Vyasa grants Sanjaya divine vision

The next two sutras continue discussing Isvara pranidhana and the nature of Isvara or God. Before we go on, I want to point out that the translation I’m using (The Yoga Sutras of Patanjali: Commentary on the Raja Yoga Sutras by Sri Swami Satchidananda) uses the masculine pronoun for Isvara. On one hand, what we’re talking about is far too big to be limited by our ideas of gender: God is neither male nor female yet encompasses all the attributes of both. On the other hand, we reserve words like “it” for inanimate objects and things that lack intelligence. If you don’t believe that God or the universe is intelligent, bear with me for a minute and you might change your mind.

In Him is the complete manifestation of the seed of omniscience.

In other words, Isvara or God truly is the alpha and the omega and contains everything in between as well. God is the big bang. God is time and space. All knowledge, all events, all beings are contained within this one ultimate reality.

Perhaps you’ve played that mind game where you try to imagine what exists outside of the known universe, beyond the edges of space, before the big bang, etc. When you do that, you’re basically exploring the possibilities of the ultimate reality. Patanjali says that ultimate reality is Isvara.

Unconditioned by time, He is the teacher of even the most ancient teachers.

I admit, this one makes me scratch my head — hey I never claimed to know it all!

Notice the word “guru” tucked into the Sanskrit above? Let me refer you to Pandit Rajmani Tigunait for an excellent discussion of what guru really means. If you don’t have time to watch it right now, bookmark it and come back to it later because this is powerful and essential information!

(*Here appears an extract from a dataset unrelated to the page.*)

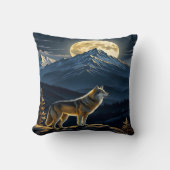 オオカミ威厳のあるが満月の光の下で泣いている クッション (正面)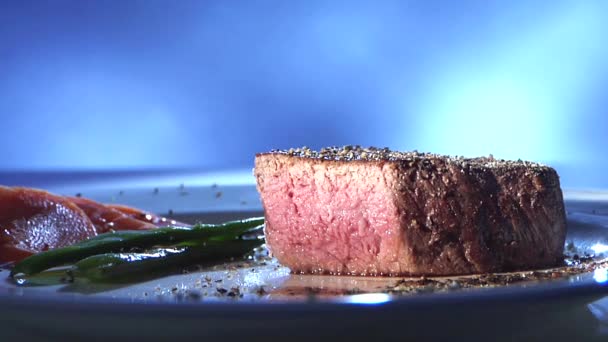 Smažené Hovězí biftek, ukazující řezné plochy - Záběry, video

The short version is that guru means “one who dispels the darkness of ignorance.” That teacher or guru can come in infinite forms, and the ultimate guru and source of wisdom is what we call God. This is why when we devote ourselves to that ultimate truth and try to live our lives in alignment with it, we make great progress.

Seriously, though, watch the video because Panditji does a perfectly beautiful job of describing the common misconceptions about gurus and how to correct them.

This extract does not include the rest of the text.